◆ **Exercise**
Leave the pictures aside and copy all the data exactly.

◆ **Exercise data**
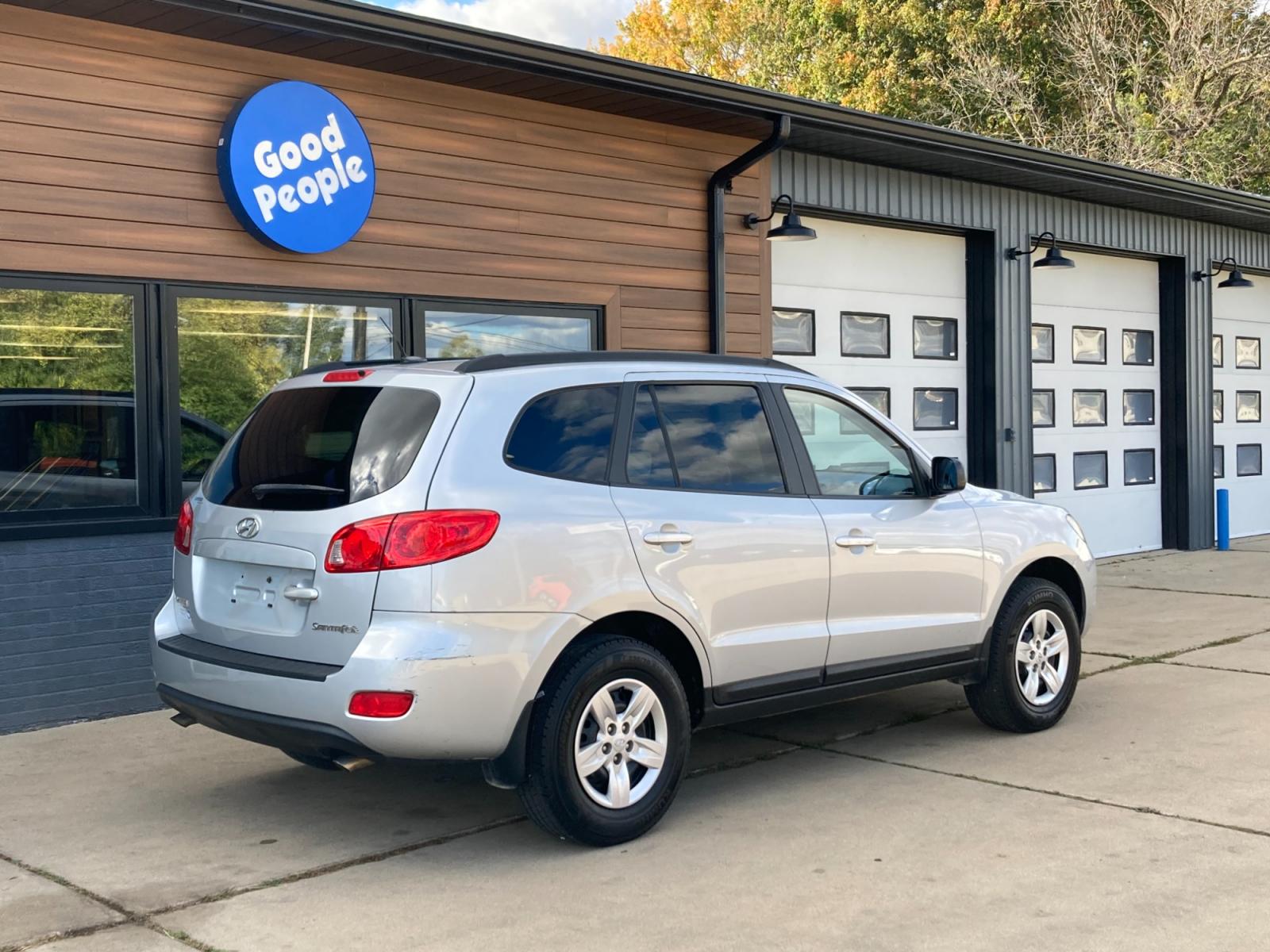 2009 Silver Hyundai Santa Fe GLS (5NMSG13D59H) with an 2.7L V6 DOHC 24V engine, located at 1800 South Ihm Blvd, Freeport, IL, 61032, (815) 232-5543, 42.278645, -89.607994 - Santa Fe GLS 4D SUV FWD - Photo #1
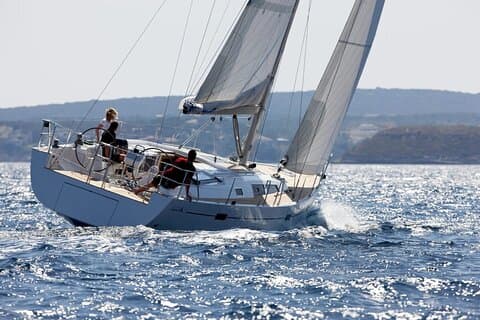 5,5 hours Private Sailing Trips from Heraklion to Island of Dia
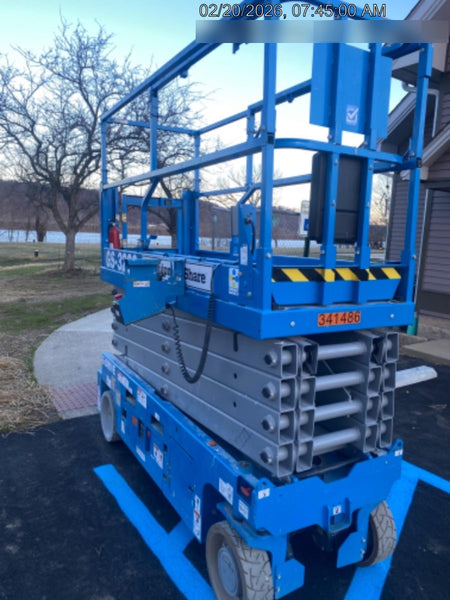 2023 GENIE GS-3232
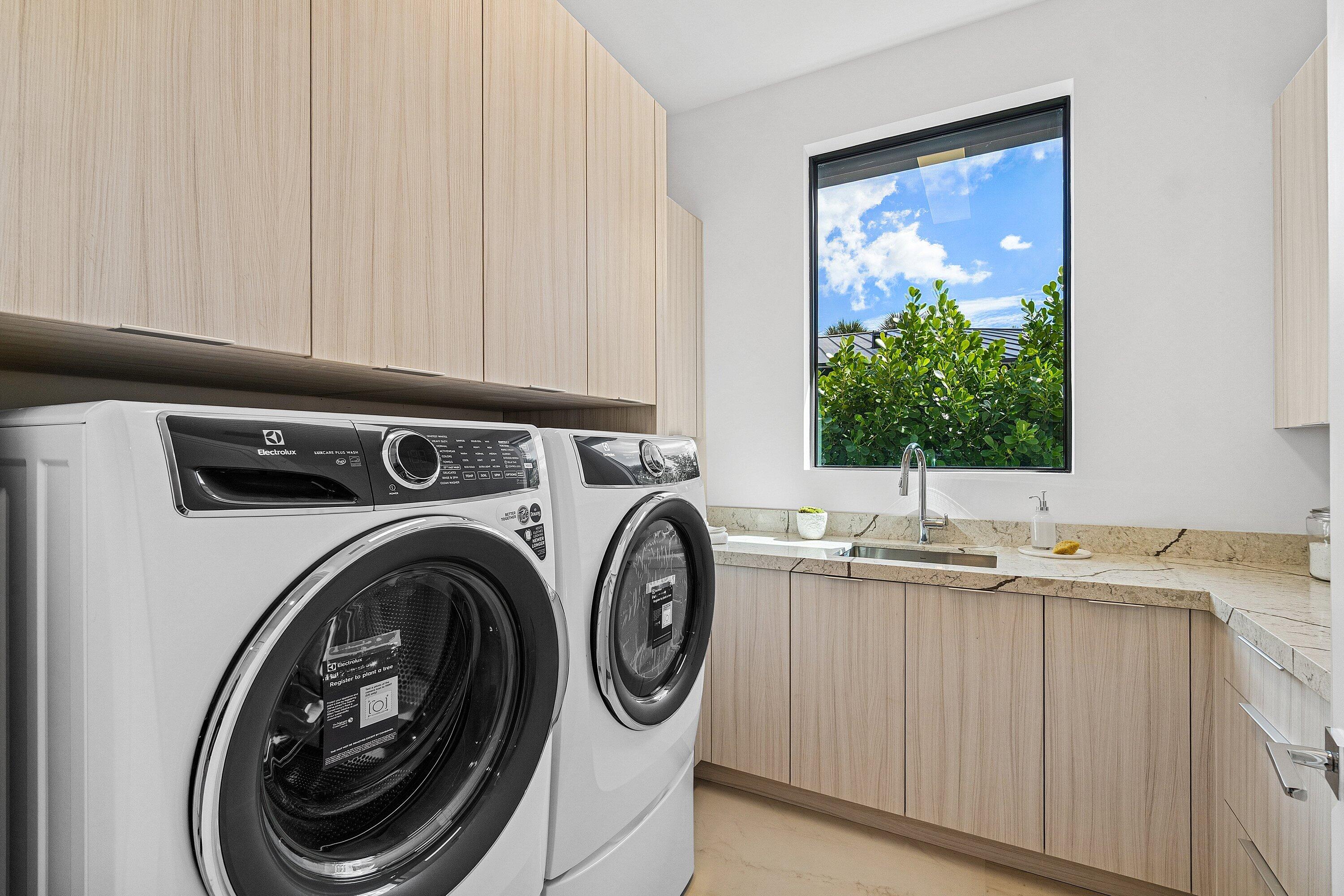 TRADE WINDS ESTATES FIRST ADD - Residential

◆ **Solution for this problem**
 2009 Silver Hyundai Santa Fe GLS (5NMSG13D59H) with an 2.7L V6 DOHC 24V engine, located at 1800 South Ihm Blvd, Freeport, IL, 61032, (815) 232-5543, 42.278645, -89.607994 - Santa Fe GLS 4D SUV FWD - Photo #1
 5,5 hours Private Sailing Trips from Heraklion to Island of Dia
 2023 GENIE GS-3232
 TRADE WINDS ESTATES FIRST ADD - Residential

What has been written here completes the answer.